Posted: Fri Aug 30, 2019 14:14 Post subject: Port 80/443 help from external access
Hey there,
I happened apon a netgear running DD-WRT v24-sp2 (04/18/14) std
(SVN revision 23919)
loving it, but im running into an issue port forwarding via 80/443 i have a domain pointing at my public ip.
When inside my lan using the domain routes through to my webserver fine even ssl works same with public ip, but when i try from outside the lan i am left with a timeout.
I tried running iptables -L to see any obvious droping or filtering of TCP 80/443 but i could not see anything though im not a huge expert at ip firewall rules.

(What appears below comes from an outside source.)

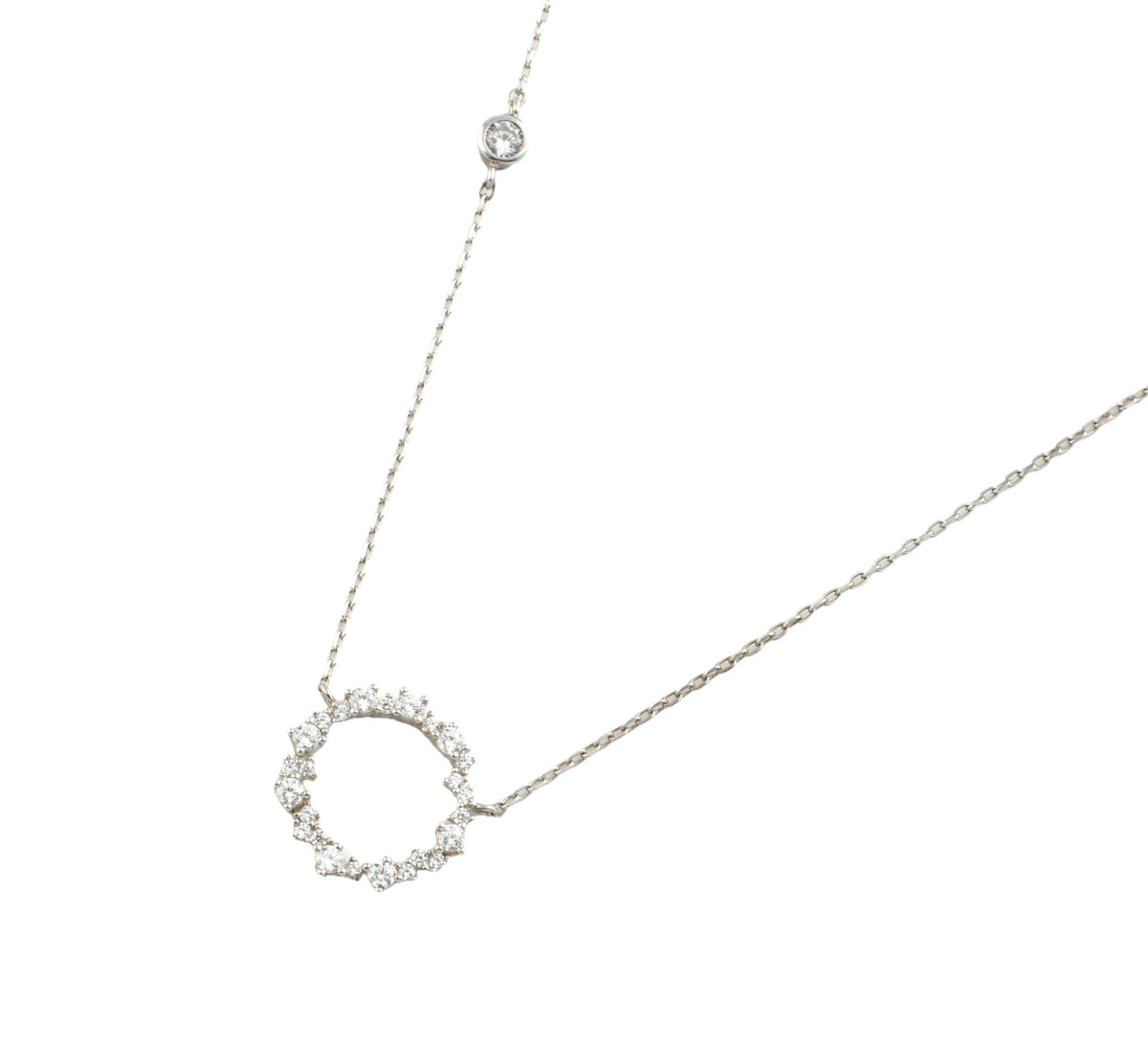 925 Sterling Silver Wreath Crown Setting Pendant Necklace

i stumbled across this https://wiki.dd-wrt.com/wiki/index.php/Port_Forwarding_Troubleshooting so i decided to try nmap, when inside the lan i get both tcp and udp as open for my public ip but when i try from outside i get TCP as filtered and UDP as open/filtered, searching around this suggests there is some sort of hardware firewall or isp interception?

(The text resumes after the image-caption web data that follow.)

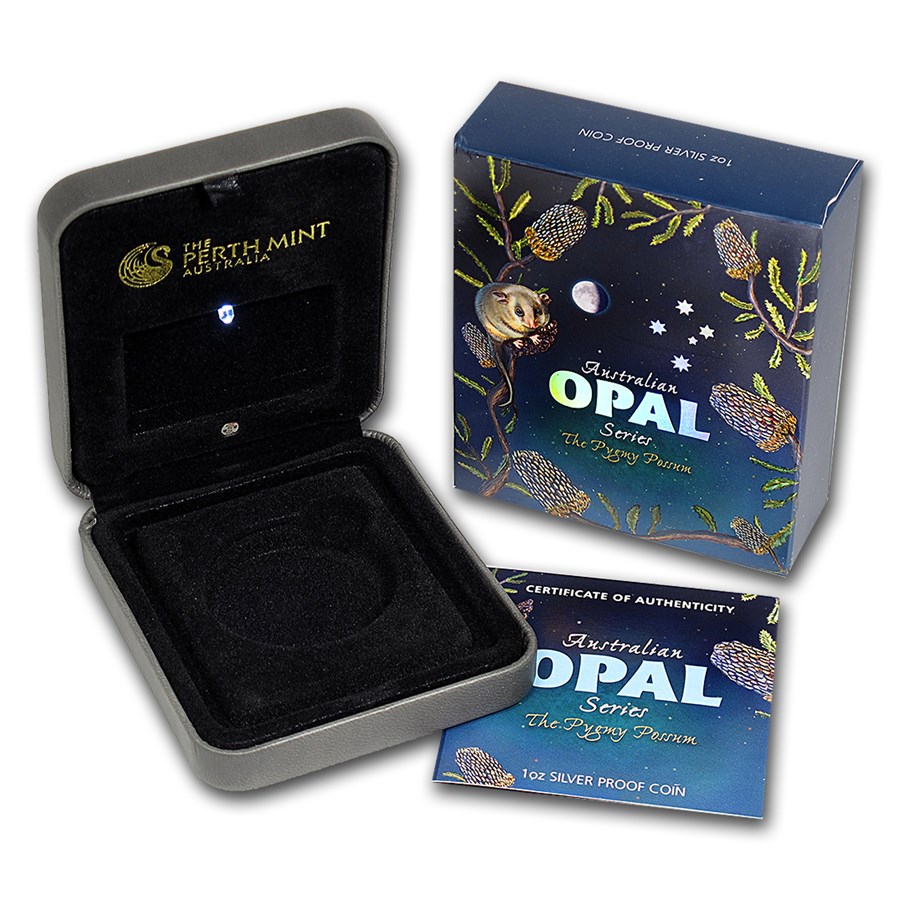 OGP Box & COA - 2013 Perth Pygmy Possum 1 oz Silver Coin (Opal)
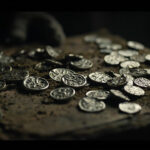 Roman coin hoard 2026: dramatic photograph of freshly unearthed silver coins in dark Welsh soil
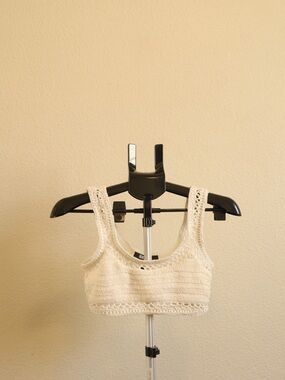 Beach Riot White Mesh Crochet Top size S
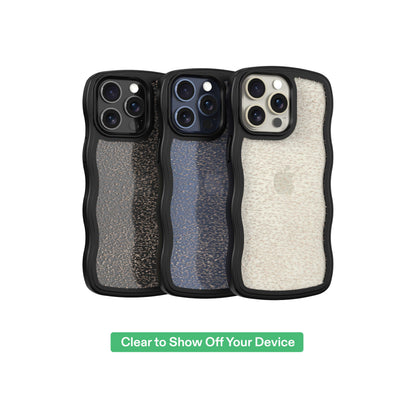 onn Wavy Grip Phone Case for iPhone 15 Pro Max - Black/Gold Glitter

I got my ISP to confirm twice that they had indeed unblocked these ports as they do block them by default, and i dont run any hardware firewall other than i suppose whatever is on this dd-wrt?

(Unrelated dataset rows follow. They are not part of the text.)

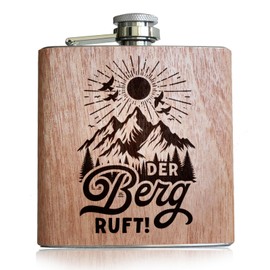 The Mountain Calls Hip Flask Wood with Engraving. Gift Skiing Hip Flask Hiking Accessories for Summit Strikers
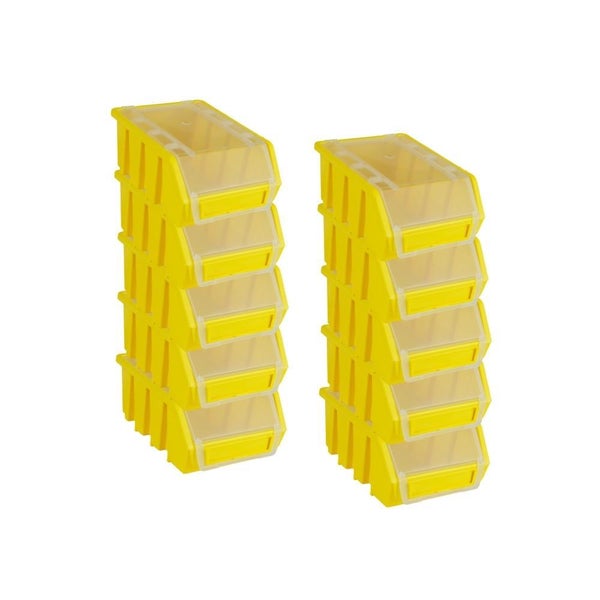 PROREGAL SuperSparSet 10x Sichtlagerbox 2 mit Deckel HxBxT 7,5 x 11,6 x 16,1 cm Polypropylen Gelb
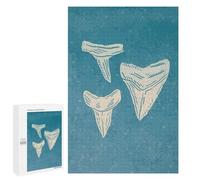 Puzzles pour Adolescents 1000 PCS Shark Teeth Illustration on Blue Background Puzzles pour Adultes, Jouets Anti-Stress, Activités Amusantes À Faire À La Maison, 1000 PCS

Is there anything else obvious i have missed here?
i know this has been asked a bunch, but i feel like it still might be the isp, so i thought id get some advice
Joined: 08 May 2018 Posts: 14221 Location: Texas, USA
Posted: Fri Aug 30, 2019 14:41 Post subject:
I think perhaps the best way to setup a publicly-accessible web host of any sort is to place it in your DMZ, and configure a separate firewall on said host. DMZ bypasses the firewall filtering in DD-WRT.
Joined: 08 May 2018 Posts: 14221 Location: Texas, USA
Posted: Sat Aug 31, 2019 14:02 Post subject:
phyzical wrote:
Thanks! DMZ mode allowed access through from the outside.
So does that mean there's probably something on the router dropping the requests?
Most likely, as those ports are reserved for remote administration of the router. The firewall will allow packets out to those ports for web surfing, but it won't allow you to connect to them on the WAN interface usually, as best I understand it.